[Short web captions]
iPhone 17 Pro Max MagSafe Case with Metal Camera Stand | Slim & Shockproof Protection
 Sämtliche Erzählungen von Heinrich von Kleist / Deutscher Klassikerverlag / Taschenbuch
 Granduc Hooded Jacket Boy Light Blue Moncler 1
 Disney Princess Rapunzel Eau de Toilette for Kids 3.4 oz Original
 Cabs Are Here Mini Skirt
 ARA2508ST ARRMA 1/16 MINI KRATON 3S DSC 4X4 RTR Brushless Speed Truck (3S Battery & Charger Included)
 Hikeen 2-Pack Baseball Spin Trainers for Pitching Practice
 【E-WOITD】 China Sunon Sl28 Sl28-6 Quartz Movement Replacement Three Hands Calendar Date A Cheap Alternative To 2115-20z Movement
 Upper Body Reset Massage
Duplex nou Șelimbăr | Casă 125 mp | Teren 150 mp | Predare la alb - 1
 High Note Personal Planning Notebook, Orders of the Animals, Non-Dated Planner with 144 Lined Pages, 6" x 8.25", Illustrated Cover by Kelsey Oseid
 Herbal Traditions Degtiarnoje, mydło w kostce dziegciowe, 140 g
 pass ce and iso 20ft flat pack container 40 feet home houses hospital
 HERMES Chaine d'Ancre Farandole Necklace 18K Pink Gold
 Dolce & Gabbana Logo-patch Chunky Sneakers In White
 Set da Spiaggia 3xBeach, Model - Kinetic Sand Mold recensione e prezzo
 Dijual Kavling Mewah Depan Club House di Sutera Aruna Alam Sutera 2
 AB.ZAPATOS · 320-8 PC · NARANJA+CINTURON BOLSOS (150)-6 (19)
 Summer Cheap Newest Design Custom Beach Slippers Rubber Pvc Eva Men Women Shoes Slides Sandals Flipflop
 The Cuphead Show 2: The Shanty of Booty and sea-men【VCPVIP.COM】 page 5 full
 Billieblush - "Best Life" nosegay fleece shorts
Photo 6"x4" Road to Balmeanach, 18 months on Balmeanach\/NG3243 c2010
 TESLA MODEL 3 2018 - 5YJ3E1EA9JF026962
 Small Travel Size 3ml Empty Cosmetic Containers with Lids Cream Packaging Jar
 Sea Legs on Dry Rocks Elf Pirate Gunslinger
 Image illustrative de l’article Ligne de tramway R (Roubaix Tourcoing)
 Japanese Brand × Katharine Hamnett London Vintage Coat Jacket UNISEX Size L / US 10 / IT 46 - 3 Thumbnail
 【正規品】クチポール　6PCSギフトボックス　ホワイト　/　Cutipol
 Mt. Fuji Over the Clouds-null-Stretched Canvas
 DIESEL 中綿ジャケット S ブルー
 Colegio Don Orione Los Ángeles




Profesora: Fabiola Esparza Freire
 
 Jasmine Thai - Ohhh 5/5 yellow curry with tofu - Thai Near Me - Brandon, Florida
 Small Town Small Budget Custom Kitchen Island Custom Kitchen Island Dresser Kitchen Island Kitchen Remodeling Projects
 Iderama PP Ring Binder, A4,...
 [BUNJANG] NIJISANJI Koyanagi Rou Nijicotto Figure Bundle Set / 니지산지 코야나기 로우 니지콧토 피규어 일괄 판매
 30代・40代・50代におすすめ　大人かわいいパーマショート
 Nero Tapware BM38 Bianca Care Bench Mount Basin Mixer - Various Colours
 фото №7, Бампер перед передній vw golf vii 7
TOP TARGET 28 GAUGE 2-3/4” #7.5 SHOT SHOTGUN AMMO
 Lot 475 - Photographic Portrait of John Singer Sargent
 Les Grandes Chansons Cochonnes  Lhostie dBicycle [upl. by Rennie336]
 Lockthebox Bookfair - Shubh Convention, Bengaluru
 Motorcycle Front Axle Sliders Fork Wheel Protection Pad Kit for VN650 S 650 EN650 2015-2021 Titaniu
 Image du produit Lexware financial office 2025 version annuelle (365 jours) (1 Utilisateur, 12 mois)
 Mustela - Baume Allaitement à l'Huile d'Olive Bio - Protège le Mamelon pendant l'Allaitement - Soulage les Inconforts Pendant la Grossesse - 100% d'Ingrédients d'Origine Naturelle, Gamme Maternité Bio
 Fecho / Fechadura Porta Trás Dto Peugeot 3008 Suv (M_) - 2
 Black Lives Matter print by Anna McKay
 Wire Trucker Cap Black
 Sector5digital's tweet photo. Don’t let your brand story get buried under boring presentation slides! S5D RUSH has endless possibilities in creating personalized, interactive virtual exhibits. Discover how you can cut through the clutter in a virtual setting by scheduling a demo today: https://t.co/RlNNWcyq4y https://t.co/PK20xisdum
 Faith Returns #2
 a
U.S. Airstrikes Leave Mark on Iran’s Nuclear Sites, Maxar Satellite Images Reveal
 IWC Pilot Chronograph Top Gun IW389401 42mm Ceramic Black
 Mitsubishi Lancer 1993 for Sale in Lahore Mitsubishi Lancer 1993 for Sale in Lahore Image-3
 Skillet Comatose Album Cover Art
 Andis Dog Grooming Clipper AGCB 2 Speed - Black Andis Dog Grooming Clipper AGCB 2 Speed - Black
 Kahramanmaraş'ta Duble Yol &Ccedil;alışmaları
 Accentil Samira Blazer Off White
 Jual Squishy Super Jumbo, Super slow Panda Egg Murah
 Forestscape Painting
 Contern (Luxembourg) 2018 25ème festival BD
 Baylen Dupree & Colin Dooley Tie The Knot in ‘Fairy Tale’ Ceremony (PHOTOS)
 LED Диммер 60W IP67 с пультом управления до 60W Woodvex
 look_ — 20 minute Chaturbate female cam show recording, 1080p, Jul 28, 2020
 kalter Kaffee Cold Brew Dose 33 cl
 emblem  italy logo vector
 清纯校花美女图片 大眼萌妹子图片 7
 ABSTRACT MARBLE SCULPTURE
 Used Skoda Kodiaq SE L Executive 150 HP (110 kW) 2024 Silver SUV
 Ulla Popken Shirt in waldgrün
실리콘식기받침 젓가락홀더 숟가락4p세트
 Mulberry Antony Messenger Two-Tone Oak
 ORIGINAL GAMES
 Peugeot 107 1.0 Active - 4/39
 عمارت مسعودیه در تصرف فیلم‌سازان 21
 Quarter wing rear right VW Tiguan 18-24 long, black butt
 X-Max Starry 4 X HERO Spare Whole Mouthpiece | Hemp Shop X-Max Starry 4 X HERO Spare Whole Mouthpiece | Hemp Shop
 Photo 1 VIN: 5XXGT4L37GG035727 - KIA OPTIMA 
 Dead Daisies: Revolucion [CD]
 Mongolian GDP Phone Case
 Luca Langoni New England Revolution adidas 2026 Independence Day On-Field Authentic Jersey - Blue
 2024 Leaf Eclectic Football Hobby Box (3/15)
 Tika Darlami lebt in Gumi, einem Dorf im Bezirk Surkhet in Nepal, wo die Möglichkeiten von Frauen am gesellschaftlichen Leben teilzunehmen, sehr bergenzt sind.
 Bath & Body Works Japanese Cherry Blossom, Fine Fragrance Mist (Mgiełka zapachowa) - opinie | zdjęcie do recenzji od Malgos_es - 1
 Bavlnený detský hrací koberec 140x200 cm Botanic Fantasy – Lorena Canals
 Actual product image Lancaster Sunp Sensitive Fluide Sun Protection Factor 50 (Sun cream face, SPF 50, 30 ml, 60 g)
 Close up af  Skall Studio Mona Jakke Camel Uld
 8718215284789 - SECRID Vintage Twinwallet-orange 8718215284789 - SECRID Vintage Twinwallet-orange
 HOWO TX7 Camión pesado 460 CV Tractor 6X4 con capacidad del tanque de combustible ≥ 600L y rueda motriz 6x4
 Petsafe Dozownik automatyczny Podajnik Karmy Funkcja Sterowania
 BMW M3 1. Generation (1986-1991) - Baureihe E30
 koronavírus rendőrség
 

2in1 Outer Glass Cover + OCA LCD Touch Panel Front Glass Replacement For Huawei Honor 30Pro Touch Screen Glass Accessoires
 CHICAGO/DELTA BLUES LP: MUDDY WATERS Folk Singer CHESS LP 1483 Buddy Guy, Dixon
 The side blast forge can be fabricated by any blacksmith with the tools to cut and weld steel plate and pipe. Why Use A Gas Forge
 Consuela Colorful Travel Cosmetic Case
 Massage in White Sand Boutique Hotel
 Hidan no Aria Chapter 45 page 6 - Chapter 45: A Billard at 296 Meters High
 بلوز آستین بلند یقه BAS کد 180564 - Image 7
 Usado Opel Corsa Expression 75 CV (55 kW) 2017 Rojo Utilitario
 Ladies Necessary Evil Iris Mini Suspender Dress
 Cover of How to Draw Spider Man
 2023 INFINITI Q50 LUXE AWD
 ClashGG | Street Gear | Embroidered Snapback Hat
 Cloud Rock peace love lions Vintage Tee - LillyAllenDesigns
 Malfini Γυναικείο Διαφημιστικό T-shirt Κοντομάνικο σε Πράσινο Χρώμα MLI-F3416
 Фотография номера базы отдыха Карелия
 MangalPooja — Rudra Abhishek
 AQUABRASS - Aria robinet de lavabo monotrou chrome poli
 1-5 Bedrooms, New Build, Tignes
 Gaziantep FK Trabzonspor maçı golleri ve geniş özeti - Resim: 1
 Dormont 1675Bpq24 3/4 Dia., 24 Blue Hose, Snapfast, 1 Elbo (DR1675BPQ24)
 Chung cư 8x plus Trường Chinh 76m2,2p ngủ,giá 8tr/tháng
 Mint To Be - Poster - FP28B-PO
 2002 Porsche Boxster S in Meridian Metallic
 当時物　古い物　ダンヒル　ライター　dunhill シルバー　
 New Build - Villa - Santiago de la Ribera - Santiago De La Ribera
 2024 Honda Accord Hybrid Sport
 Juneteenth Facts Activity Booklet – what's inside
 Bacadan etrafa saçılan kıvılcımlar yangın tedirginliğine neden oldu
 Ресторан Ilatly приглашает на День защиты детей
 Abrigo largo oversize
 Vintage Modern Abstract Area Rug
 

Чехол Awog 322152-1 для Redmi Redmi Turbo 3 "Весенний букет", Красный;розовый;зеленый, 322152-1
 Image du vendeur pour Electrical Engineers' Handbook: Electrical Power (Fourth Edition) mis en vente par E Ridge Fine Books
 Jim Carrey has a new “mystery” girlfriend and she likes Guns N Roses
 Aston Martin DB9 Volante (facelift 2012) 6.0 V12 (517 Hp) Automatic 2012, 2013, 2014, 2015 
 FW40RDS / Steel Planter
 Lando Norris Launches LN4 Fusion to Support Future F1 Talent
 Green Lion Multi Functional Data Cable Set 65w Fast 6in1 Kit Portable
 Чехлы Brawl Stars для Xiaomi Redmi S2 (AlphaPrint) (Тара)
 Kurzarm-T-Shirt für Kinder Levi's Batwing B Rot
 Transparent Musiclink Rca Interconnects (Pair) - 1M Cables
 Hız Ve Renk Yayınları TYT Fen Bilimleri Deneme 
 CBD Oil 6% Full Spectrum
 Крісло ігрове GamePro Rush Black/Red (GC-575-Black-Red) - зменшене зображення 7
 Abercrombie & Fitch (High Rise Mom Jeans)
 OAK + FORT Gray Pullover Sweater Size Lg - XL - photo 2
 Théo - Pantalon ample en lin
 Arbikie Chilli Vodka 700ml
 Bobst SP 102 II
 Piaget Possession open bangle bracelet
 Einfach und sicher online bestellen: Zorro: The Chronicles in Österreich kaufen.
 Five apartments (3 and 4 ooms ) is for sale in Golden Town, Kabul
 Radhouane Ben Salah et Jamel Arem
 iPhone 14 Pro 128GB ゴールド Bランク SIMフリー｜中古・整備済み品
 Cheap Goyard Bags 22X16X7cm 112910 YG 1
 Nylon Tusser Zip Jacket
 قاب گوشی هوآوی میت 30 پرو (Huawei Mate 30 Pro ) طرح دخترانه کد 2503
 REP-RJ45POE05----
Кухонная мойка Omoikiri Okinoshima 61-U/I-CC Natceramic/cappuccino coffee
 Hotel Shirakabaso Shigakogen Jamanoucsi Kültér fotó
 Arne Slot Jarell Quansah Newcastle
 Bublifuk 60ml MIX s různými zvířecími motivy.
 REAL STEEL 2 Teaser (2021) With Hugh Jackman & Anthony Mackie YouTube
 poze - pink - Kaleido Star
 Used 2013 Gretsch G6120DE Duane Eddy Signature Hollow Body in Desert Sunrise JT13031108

• _EXERCISE_: Every line in the entries above that mentions the word "Travel" must be shown.

• _SOLUTION_:
 Small Travel Size 3ml Empty Cosmetic Containers with Lids Cream Packaging Jar
 Consuela Colorful Travel Cosmetic Case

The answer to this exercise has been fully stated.